----- Extracted material -----
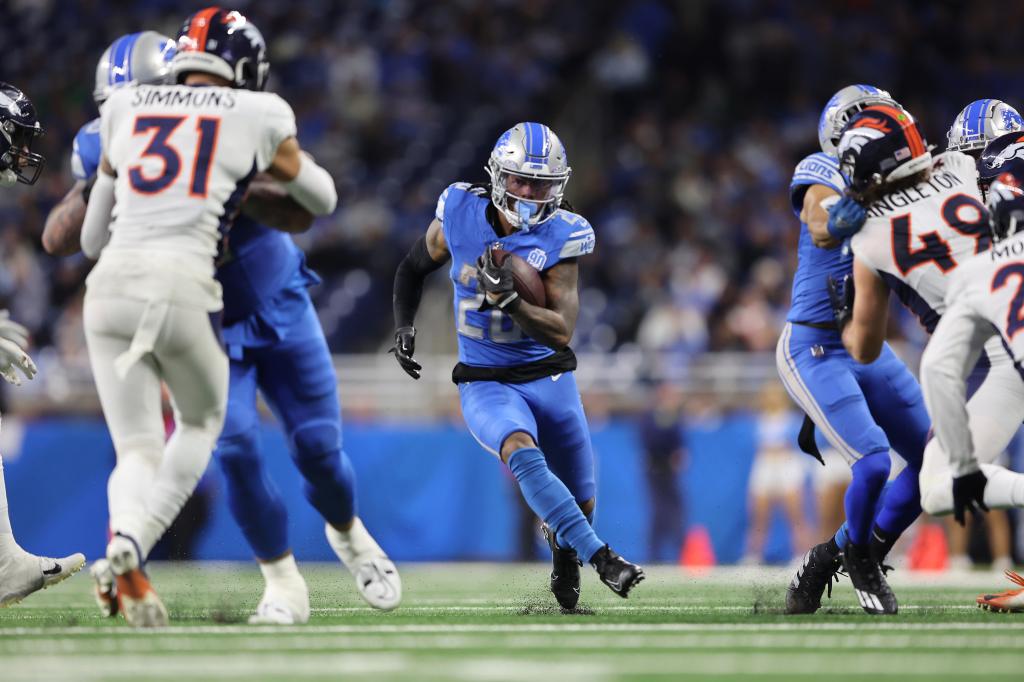 Jahmyr Gibbs #26 of the Detroit Lions runs the ball during the fourth quarter against the Denver Broncos at Ford Field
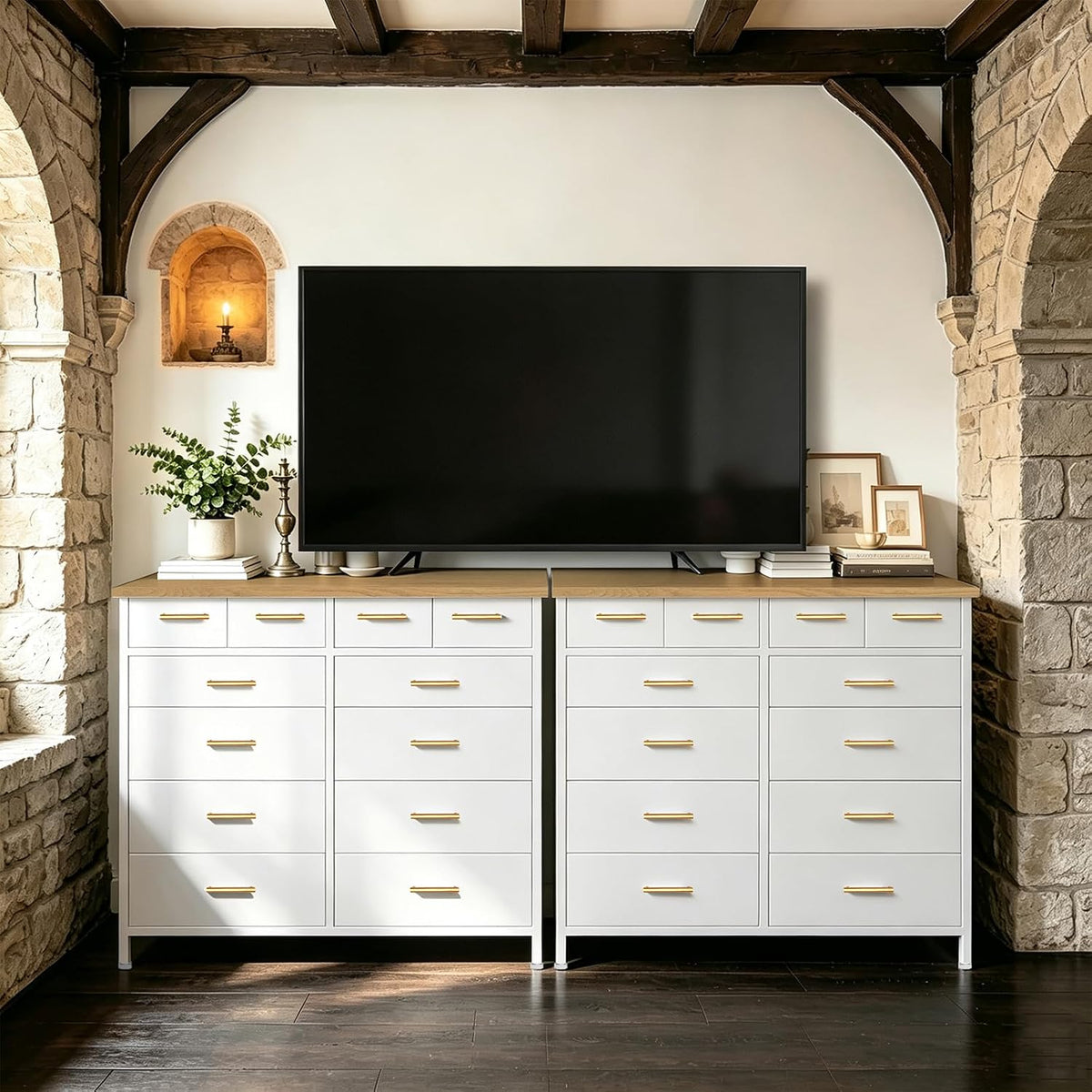 Two white tall dressers topped with a TV and decorative objects flanked by stone archways.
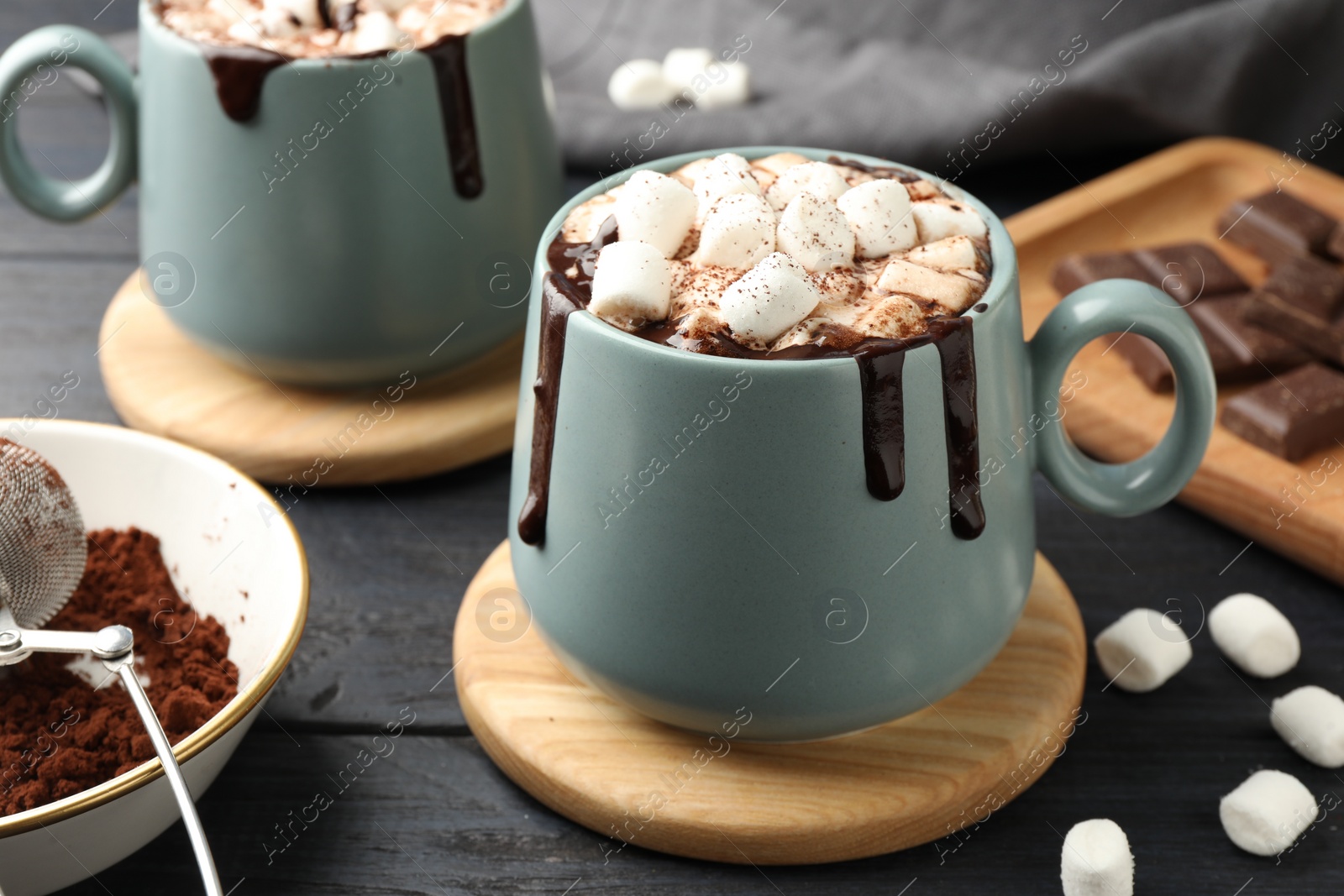 Photo of Cups of aromatic hot chocolate with marshmallows and cocoa powder on dark gray wooden table, closeup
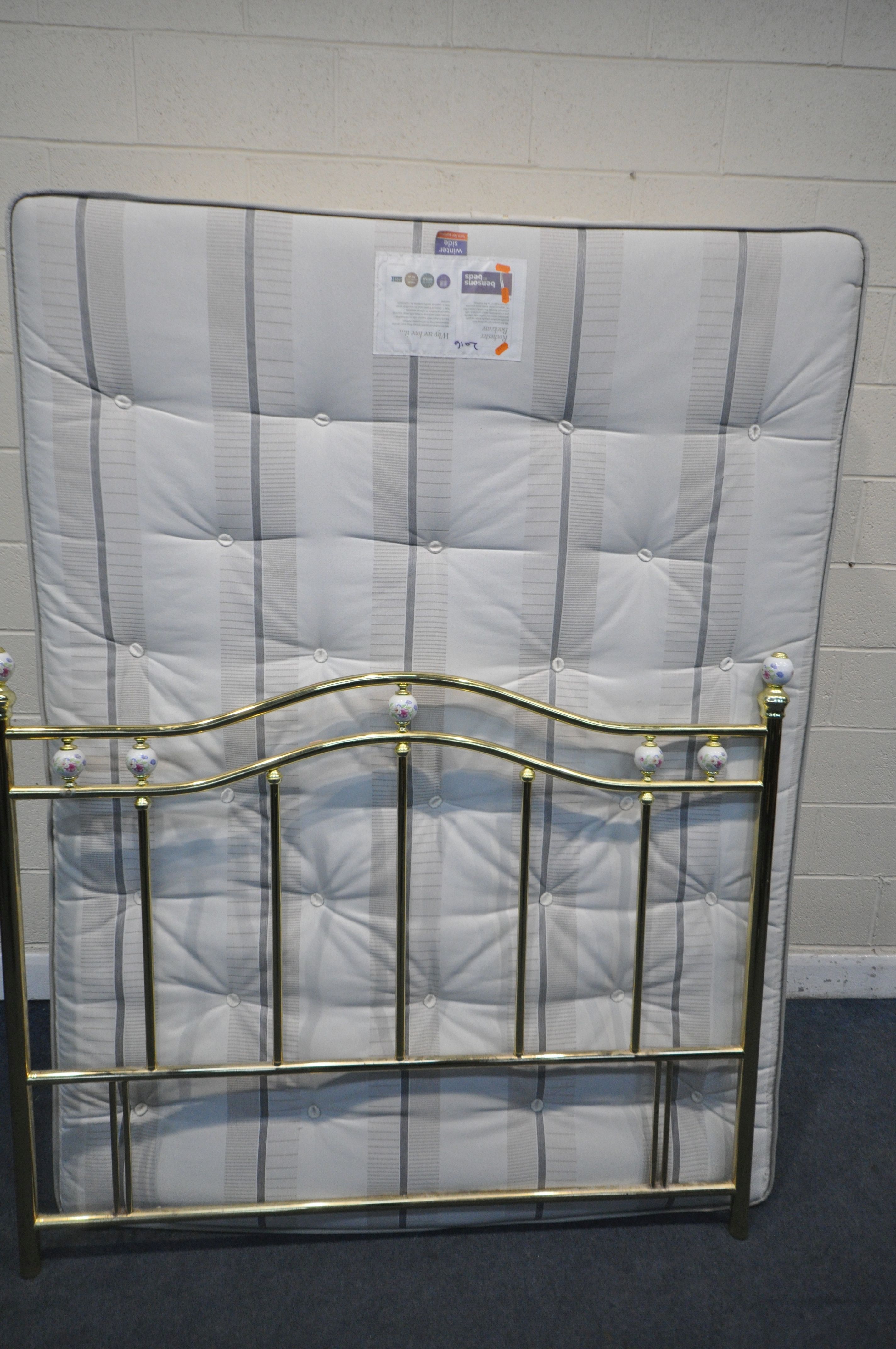 A 5FT DIVAN BED WITH A BENSONS FOR BEDS MATTRESS, and brass headboard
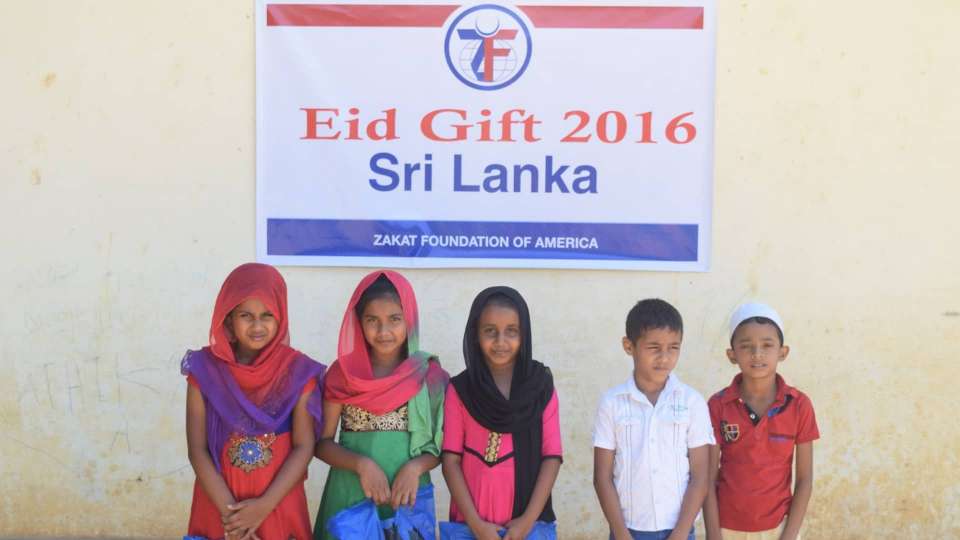 Children under an Aid Gift 2016 sign in Sri Lanka.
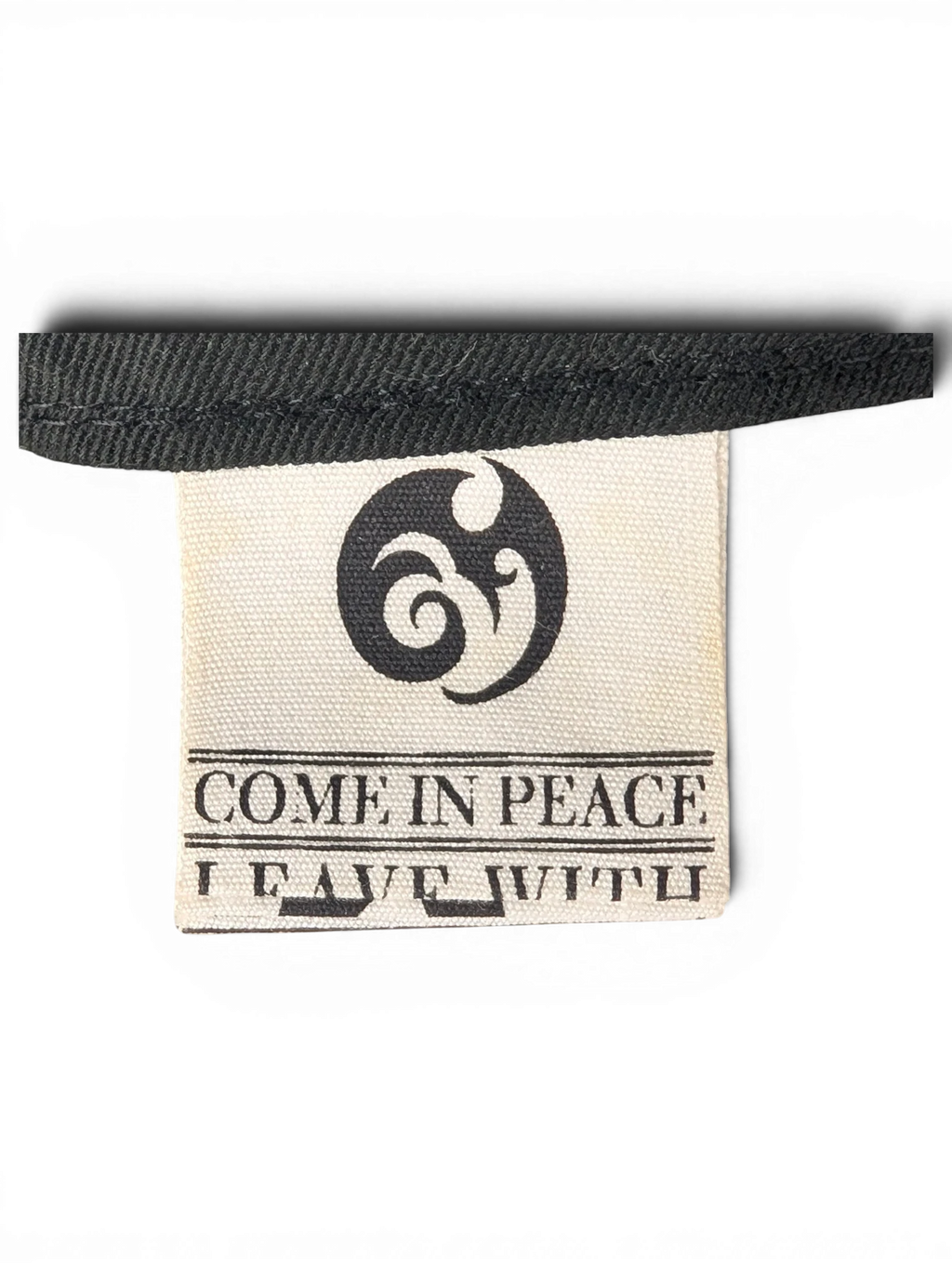 JAKE & IPI IBE Morivelle cap interior fabric label with Come In Peace branding and logo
-----
Exercise instructions >>
When you reach the line containing "Children under an" in the listing above, reproduce it and every line after it through the last, exactly; omit the pictures.

Answer box >>
 Children under an Aid Gift 2016 sign in Sri Lanka.
 JAKE & IPI IBE Morivelle cap interior fabric label with Come In Peace branding and logo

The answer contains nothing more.